En attendant, je tiens à dire que ce jour-là, il n’y aura ni récolte d’asperges, ni récolte de myrtilles, ni récolte de légumes. Comme nous étions invisibles pour l’État le 21 mai, nous le serons aussi pour les champs. Ce sera une grève totale. En même temps, nous avons reçu la solidarité d’un grand nombre de consommateurs et de consommatrices, des centaines, qui redécouvrent ce qui se cache derrière une fourchette de spaghettis, à savoir la sueur, la fatigue, l’appauvrissement. Et ils nous envoient tant de messages, pour nous annoncer qu’ils ne feront pas de courses ce jour-là, et qu’ils porteront virtuellement des bottes, alors que nous serons à la campagne, avec de vraies bottes, en croisant les bras. Et puis nous recevons aussi des messages de nombreux agriculteurs, qui nous disent qu’ils n’iront pas travailler ce jour-là. Nous avons eu des milliers d’inscriptions. Il y a des assemblées, à Agro Pontino, en Émilie-Romagne, en Toscane, en Calabre, à Foggia. Il y aura une grande assemblée dimanche dans la colonie des travailleurs de Torretta Antonacci. Parmi ceux qui feront grève, il y aura aussi des travailleurs avec un permis de séjour, car leurs droits ne sont pas reconnus.

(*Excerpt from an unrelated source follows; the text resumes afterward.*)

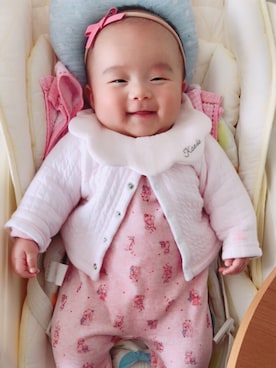 「PETIT BATEAU（プチバトー）のアイテム（サロペット/オーバーオール）」を使った、muu_さん（レディース・60cm）の春コーディネート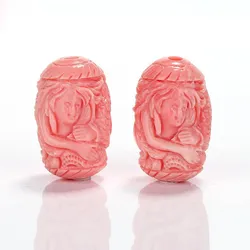 Pink Conch Shell Carved Mermaid Fashion Women Earring Set ,Birthday Gift,Women's Jewelry Accessories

En ce moment, il y a des ouvriers de la Piana di Gioia Tauro qui sont employés à la récolte des myrtilles, et ils reçoivent 30 euros par jour, ils se cassent le dos du matin au soir, au lieu des 50 euros prévus dans le contrat. Il est clair que personne ne doit se permettre d’instrumentaliser le labeur de ces hommes et de ces femmes, en racontant une réalité qui n’existe pas, alors qu’ils n’ont jamais mis leurs bottes sentimentalement, moralement, éthiquement et concrètement pour s’identifier aux travailleurs, qu’ils soient italiens ou étrangers.

Qu’avez-vous pensé lorsque la ministre Bellanova s’est émue en annonçant le décret ?

J’étais dans une assemblée avec les travailleurs.

Quel est l’équipement de protection dans les champs, quelles sont les données dont vous disposez ?

Nous avons lancé une campagne de collecte, toujours ouverte, pendant que les différents décrets étaient publiés, parce qu’on a dit aux ouvriers qu’ils devaient travailler dans les champs pour assurer l’alimentation de la population, sans équipement de protection individuelle, et jusqu’à présent, ceux qui parlent de lutte contre le « caporalato » (embauche illégale), n’ont pas activé la table ronde sur l’exploitation et le « caporalato » dans l’agriculture, alors que nous étions, et sommes, exposés. Grâce à notre collecte, nous continuons à acheter et à distribuer de la nourriture aux travailleurs agricoles et à leurs familles, y compris les Italiens, ainsi que des équipements de protection individuelle. Nous n’en avons même pas reçu une seule, de ceux qui disaient s’inquiéter de notre condition ; en réalité ils n’ont aucun lien affectif avec nous. Nous voyageons partout, nous sommes allés en Basilicate, en Calabre, dans les Pouilles, et nous continuerons à parcourir l’Italie. Le gouvernement a renoncé à cette noble mission. Mais nous n’abandonnons pas, nous continuerons à demander le salut du peuple.